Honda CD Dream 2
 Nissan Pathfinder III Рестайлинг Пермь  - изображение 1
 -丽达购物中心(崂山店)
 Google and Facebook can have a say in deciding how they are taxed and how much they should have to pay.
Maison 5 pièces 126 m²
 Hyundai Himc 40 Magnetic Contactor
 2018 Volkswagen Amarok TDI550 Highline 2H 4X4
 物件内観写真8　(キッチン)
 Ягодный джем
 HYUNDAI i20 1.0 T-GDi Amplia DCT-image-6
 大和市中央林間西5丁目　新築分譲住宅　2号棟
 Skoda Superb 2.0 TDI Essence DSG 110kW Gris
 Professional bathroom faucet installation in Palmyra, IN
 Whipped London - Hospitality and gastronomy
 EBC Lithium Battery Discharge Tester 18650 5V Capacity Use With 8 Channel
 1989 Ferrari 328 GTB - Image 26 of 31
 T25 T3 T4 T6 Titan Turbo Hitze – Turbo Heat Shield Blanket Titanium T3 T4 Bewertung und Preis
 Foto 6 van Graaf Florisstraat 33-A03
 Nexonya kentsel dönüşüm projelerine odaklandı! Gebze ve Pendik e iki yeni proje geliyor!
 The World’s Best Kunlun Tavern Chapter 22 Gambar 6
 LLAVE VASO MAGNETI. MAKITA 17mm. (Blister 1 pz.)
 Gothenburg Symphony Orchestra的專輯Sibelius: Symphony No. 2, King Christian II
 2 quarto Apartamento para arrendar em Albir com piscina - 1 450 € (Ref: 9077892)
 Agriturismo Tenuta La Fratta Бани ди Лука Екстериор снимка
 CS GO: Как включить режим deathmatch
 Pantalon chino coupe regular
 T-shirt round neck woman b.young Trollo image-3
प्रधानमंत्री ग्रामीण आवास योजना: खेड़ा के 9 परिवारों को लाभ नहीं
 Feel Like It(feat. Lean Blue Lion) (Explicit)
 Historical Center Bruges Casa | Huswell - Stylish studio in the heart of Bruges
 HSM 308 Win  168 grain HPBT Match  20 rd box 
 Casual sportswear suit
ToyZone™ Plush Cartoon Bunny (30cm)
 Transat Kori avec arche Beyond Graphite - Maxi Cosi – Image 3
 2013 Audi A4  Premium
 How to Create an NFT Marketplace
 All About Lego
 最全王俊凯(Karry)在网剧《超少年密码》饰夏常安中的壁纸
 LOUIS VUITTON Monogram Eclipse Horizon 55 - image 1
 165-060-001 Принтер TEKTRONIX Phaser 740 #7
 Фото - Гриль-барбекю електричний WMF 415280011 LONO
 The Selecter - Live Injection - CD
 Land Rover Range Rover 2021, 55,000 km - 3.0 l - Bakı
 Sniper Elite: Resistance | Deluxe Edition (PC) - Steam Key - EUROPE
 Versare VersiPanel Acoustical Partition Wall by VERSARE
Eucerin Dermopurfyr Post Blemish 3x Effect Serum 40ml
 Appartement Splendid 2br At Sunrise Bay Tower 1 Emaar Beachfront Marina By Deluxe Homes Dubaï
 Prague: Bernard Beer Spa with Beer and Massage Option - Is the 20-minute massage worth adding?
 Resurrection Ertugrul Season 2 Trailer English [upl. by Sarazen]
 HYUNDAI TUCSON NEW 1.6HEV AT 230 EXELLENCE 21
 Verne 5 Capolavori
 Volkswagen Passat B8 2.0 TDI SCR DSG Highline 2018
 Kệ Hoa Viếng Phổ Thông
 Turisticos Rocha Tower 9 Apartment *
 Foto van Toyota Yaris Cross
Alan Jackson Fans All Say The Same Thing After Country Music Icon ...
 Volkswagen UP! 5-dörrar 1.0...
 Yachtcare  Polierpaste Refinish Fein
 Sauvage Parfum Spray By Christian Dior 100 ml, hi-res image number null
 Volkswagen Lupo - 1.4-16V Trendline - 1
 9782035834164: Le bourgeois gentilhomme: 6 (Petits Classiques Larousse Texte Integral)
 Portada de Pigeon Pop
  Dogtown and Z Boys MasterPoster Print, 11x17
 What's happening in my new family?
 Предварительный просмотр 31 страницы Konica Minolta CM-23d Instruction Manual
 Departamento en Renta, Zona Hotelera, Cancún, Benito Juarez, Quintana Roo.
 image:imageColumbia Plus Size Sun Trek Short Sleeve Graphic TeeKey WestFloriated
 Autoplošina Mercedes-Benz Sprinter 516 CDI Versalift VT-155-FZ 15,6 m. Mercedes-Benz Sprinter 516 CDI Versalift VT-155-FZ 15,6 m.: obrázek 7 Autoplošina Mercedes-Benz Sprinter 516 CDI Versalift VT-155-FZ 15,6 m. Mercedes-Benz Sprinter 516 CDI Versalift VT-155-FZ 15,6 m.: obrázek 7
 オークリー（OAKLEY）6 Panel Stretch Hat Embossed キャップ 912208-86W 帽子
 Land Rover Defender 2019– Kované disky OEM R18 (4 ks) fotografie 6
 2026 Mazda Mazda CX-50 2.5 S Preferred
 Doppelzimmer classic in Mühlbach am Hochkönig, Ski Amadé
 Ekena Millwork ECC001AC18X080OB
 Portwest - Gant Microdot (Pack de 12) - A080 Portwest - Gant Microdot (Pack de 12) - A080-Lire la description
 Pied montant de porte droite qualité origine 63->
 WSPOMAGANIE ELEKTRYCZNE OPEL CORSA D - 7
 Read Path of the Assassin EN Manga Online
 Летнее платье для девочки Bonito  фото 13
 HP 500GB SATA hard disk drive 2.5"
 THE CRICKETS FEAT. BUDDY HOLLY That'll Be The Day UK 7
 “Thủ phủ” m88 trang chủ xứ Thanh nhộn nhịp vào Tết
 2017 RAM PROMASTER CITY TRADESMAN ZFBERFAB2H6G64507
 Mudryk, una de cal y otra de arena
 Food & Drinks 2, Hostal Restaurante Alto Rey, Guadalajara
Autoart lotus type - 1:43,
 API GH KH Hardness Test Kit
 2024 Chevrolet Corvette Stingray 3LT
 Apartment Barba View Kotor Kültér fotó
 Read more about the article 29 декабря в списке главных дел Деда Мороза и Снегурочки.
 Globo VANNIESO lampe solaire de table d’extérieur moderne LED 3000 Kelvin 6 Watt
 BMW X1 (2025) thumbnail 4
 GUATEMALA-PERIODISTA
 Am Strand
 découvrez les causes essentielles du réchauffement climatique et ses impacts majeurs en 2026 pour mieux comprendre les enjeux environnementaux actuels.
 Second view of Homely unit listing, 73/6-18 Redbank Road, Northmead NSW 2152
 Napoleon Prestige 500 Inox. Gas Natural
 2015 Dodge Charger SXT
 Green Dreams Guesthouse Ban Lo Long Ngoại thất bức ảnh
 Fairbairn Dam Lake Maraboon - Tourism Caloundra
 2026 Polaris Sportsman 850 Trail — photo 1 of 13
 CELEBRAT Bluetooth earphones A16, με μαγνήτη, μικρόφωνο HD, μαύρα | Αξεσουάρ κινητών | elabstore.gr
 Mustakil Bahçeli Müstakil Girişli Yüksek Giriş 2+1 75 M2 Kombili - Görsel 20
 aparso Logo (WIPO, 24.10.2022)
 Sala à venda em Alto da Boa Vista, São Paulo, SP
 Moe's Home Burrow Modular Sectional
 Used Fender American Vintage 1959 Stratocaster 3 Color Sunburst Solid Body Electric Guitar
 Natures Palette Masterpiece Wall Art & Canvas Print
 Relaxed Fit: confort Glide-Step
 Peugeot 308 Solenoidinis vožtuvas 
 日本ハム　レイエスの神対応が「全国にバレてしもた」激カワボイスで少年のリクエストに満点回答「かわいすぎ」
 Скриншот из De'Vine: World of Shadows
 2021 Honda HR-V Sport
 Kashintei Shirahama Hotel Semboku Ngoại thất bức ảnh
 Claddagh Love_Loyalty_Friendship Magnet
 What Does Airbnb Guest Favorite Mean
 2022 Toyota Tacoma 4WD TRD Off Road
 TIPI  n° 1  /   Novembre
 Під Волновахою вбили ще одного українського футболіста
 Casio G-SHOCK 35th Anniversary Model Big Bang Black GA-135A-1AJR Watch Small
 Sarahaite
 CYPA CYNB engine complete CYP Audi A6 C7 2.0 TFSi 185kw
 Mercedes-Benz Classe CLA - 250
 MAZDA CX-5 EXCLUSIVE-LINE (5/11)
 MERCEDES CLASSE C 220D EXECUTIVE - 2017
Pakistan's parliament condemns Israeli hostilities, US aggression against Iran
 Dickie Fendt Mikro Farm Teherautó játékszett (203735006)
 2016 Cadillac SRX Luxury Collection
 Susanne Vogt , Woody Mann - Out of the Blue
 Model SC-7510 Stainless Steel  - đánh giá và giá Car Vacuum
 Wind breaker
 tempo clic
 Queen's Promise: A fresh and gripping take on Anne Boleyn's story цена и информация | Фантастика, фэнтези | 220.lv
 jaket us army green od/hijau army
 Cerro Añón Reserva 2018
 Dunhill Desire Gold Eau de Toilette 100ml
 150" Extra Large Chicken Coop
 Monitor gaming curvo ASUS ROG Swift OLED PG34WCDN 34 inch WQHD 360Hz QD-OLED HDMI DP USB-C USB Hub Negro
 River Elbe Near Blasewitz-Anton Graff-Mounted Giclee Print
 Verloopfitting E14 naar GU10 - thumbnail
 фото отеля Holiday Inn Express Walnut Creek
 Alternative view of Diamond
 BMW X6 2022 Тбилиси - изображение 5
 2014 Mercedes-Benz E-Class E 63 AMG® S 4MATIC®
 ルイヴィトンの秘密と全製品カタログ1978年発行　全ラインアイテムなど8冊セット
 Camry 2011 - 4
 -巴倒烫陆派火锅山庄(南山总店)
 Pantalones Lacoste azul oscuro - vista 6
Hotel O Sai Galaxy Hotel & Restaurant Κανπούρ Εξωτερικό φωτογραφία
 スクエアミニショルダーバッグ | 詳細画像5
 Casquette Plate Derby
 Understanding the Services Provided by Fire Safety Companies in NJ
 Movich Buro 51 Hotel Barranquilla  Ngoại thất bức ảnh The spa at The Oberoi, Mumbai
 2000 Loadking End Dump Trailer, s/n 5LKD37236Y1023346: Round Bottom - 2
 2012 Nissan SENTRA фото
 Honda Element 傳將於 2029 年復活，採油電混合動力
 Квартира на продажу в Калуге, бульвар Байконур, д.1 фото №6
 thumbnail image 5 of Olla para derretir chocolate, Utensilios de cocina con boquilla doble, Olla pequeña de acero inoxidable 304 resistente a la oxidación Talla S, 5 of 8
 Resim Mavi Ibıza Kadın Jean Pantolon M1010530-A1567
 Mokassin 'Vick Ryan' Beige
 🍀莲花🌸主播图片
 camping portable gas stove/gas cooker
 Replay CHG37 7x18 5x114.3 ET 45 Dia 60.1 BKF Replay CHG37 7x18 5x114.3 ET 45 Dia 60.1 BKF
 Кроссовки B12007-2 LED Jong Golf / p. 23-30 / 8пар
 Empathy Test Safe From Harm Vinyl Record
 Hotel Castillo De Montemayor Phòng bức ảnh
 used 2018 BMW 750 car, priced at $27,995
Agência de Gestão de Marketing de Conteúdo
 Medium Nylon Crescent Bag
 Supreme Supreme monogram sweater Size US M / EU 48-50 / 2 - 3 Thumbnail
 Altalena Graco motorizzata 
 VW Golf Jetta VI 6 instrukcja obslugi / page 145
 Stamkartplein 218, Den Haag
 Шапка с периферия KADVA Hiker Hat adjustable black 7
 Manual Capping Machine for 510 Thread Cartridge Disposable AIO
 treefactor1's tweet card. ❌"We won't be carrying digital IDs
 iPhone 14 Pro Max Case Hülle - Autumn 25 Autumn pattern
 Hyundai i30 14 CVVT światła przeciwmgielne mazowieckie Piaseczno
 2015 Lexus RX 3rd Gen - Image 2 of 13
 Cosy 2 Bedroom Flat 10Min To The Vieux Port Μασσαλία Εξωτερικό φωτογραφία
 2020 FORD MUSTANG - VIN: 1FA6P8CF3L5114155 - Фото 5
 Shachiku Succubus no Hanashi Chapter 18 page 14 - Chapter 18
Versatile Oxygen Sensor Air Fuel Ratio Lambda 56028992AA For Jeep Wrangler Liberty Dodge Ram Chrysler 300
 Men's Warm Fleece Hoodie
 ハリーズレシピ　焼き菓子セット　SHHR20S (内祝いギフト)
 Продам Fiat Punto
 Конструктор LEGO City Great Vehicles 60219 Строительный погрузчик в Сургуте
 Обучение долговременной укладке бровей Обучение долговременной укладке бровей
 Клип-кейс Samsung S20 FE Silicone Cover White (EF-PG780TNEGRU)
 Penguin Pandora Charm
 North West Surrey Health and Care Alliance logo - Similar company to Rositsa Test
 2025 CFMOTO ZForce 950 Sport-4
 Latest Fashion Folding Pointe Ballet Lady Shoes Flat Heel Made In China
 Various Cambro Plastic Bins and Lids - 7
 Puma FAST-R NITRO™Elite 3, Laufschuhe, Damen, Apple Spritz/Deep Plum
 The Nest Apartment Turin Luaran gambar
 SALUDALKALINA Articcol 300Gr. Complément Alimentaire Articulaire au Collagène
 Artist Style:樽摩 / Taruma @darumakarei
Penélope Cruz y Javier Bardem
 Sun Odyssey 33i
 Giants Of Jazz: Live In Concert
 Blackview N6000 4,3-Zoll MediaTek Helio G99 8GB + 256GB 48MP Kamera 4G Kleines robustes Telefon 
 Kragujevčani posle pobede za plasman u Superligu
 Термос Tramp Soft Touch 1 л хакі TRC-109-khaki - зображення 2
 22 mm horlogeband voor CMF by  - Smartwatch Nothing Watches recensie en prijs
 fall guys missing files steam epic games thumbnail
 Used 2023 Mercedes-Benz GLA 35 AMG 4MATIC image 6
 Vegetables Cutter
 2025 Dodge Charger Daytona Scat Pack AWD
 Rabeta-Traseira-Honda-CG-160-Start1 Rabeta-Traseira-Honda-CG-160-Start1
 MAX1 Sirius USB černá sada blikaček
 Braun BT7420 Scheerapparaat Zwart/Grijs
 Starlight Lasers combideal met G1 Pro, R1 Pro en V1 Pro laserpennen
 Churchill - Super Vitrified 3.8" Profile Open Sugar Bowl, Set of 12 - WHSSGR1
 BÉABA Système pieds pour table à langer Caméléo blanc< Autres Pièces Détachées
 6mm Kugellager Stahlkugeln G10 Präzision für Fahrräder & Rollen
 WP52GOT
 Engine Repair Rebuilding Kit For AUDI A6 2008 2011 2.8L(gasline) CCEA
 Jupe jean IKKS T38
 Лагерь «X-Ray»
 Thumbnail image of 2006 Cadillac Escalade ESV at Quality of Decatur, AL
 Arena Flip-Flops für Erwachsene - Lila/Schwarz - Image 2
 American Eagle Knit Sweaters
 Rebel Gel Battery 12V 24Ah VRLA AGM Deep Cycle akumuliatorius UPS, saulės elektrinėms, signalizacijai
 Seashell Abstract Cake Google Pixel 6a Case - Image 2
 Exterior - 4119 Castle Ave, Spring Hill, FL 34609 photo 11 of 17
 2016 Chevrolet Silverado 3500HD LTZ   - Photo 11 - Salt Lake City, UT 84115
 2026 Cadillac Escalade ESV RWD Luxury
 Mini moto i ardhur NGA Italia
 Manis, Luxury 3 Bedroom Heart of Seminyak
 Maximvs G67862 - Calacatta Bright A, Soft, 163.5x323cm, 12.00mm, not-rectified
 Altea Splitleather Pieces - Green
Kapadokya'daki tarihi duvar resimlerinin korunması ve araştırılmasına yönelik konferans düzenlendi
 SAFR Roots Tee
---
## [WORK INSTRUCTIONS]
Locate the word "Tower" in the records and collect each line it appears in.

## [WRITTEN ANSWER]
 Appartement Splendid 2br At Sunrise Bay Tower 1 Emaar Beachfront Marina By Deluxe Homes Dubaï
 Turisticos Rocha Tower 9 Apartment *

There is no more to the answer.